Input records below:
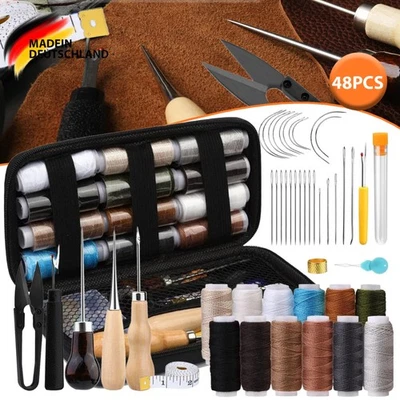 48-Teiliges Leder Werkzeug Set Nadel Sattler Handwerk nähen Locher Mit Nähnadel - Bild 1 von 4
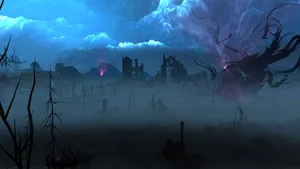 Singular Scary Graveyard [wallpaper] Wallpaper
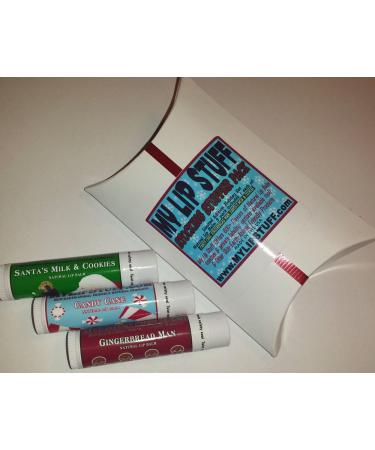 Stocking Stuffer Pack (Candy Cane Gingerbread Man Santa's Milk & Cookies) Holiday Gift Natural Lip Balm Set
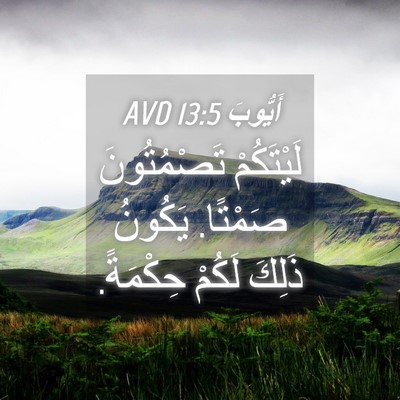 Picture 04 - أَيُّوبَ 13:5 AVD - لَيْتَكُمْ تَصْمُتُونَ - Bible Verse Picture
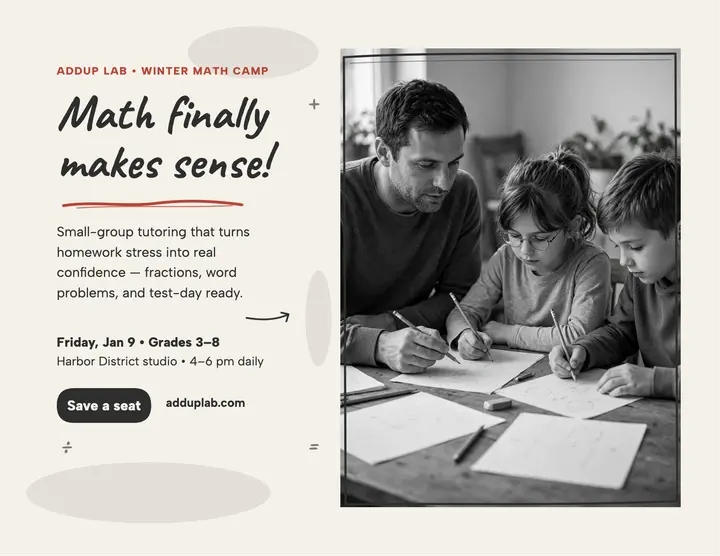 Addup Lab winter math camp flyer template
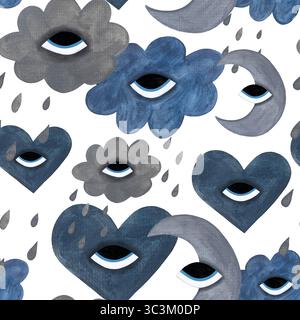 Nahtloses Aquarellmuster mit stilisierten Herzen, Regenwolken mit Regentropfen und Mondsicheln mit Augen auf weißem Hintergrund. Skurril und p Stockfoto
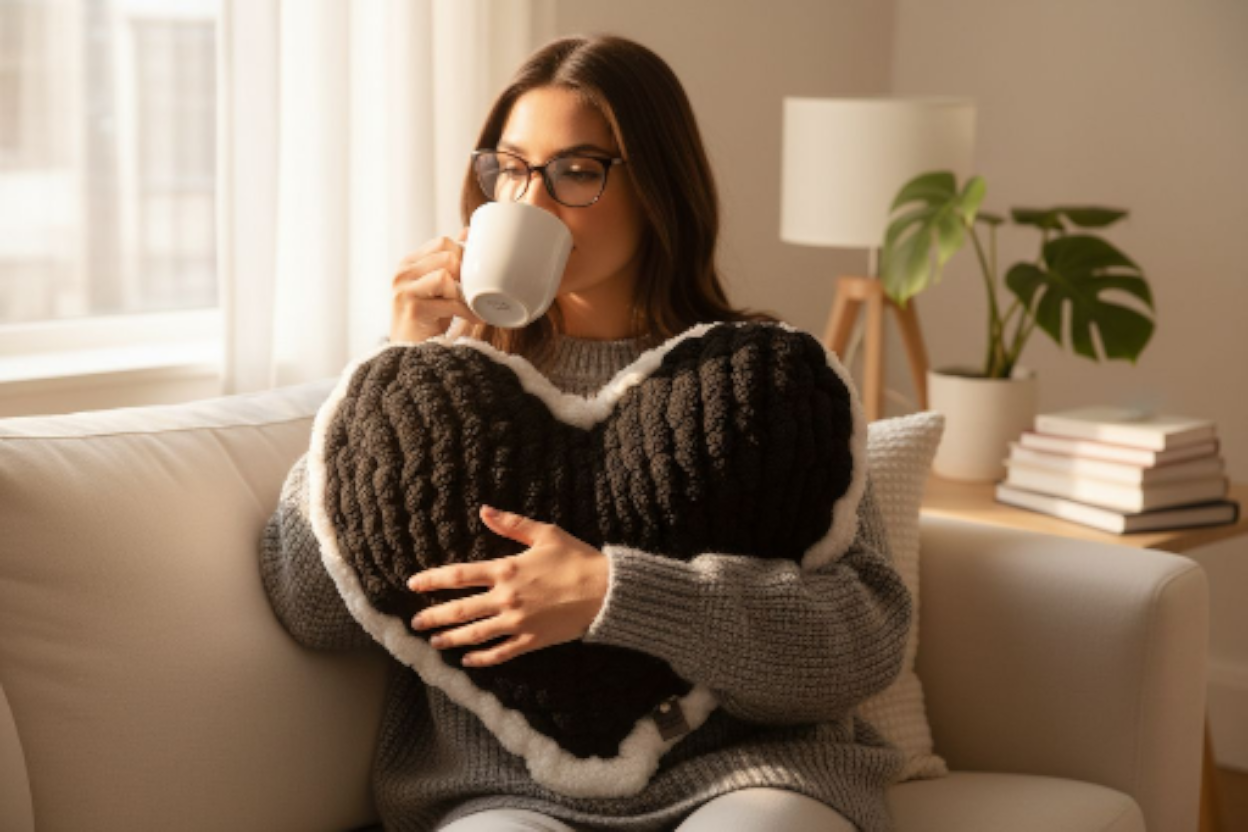 Woman sitting on a couch holding a heart-shaped pillow and a mug in a cozy living room.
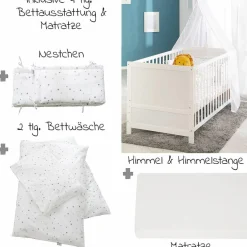 Babybett-Komplett-Set Weiß - inkl. Bettwäsche, Himmel, Nestchen & Matratze 70 x 140 cm - Sternenzauber Grau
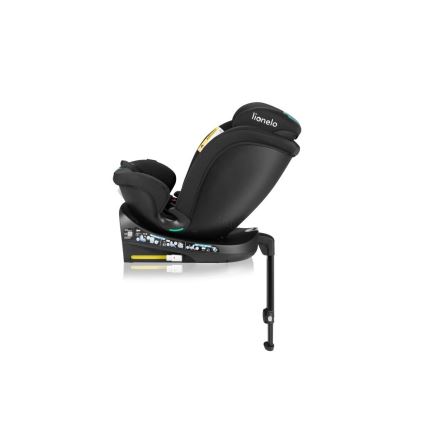 Lionelo - Bilbarnstol med bas swivel NAVY i-Storlek 40-150 cm svart/turkos
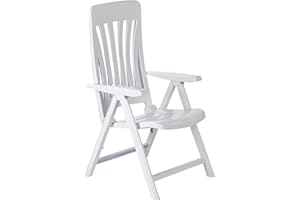 Resol Blanes Reclining Garden Chairs 5-Position Adjustable Backrest - White - Pack of 2 - Heavy Duty Polypropylene Plastic Garden Seat UV Resistant Outdoor Deck Chair Armchair for Beach, Pool, Patio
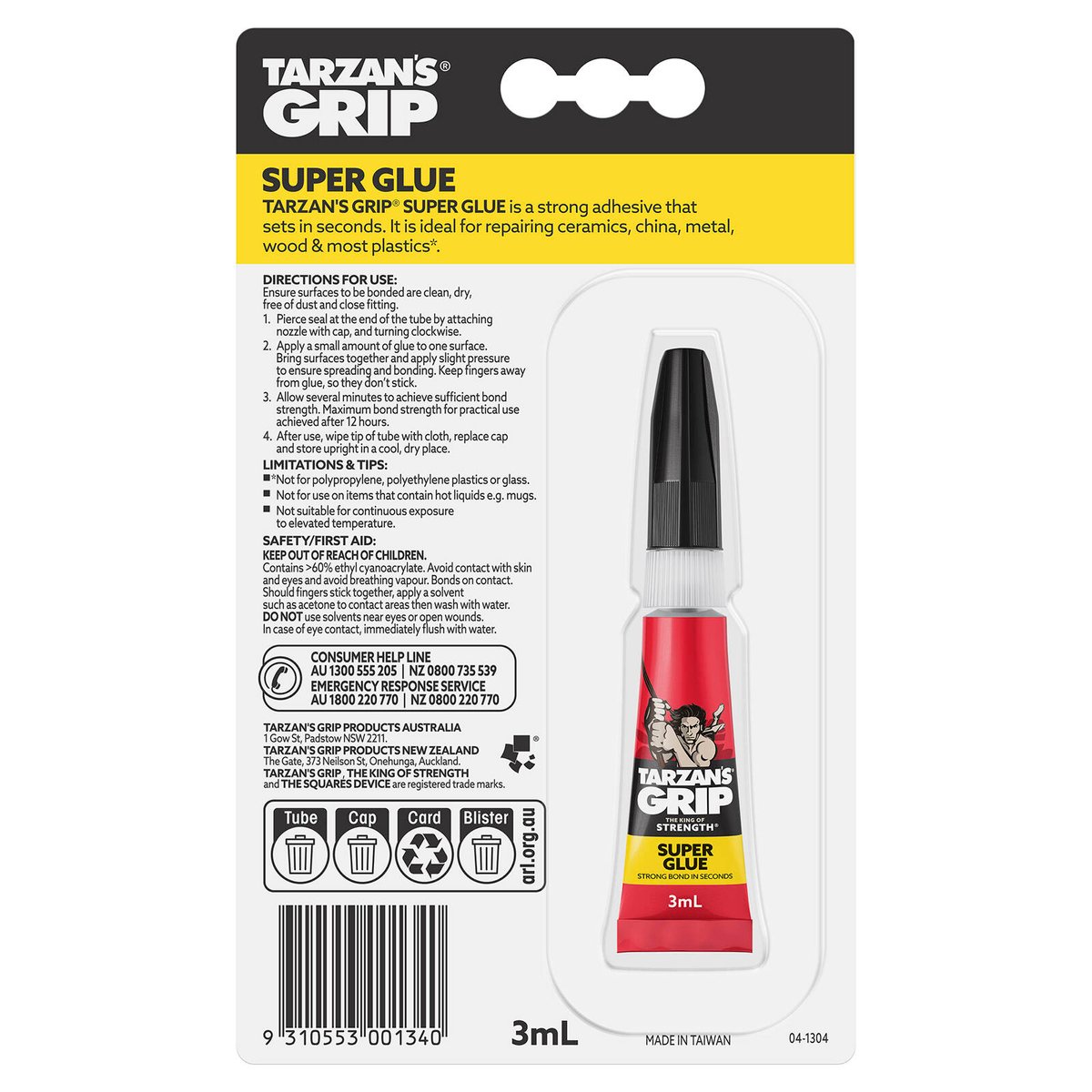 Tarzan S Grip Super Glue 3ml - Fast-Setting Multi-Purpose Adhesive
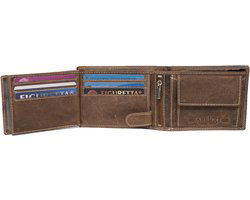 Heren Portemonnee - Cognac Leer met RFID Bescherming en Anti-Skim - Arrigo.nl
End of Input records.
# Problem to work on:
Because only one stretch of the records is wanted, please output the lines from the one holding "Singular Scary Graveyard" through the one holding "Babybett-Komplett-Set Weiß - inkl." exactly, both included, and leave every picture out.

# Task response:
 Singular Scary Graveyard [wallpaper] Wallpaper
 Stocking Stuffer Pack (Candy Cane Gingerbread Man Santa's Milk & Cookies) Holiday Gift Natural Lip Balm Set
 Picture 04 - أَيُّوبَ 13:5 AVD - لَيْتَكُمْ تَصْمُتُونَ - Bible Verse Picture
 Addup Lab winter math camp flyer template
 Nahtloses Aquarellmuster mit stilisierten Herzen, Regenwolken mit Regentropfen und Mondsicheln mit Augen auf weißem Hintergrund. Skurril und p Stockfoto
 Woman sitting on a couch holding a heart-shaped pillow and a mug in a cozy living room.
 Babybett-Komplett-Set Weiß - inkl. Bettwäsche, Himmel, Nestchen & Matratze 70 x 140 cm - Sternenzauber Grau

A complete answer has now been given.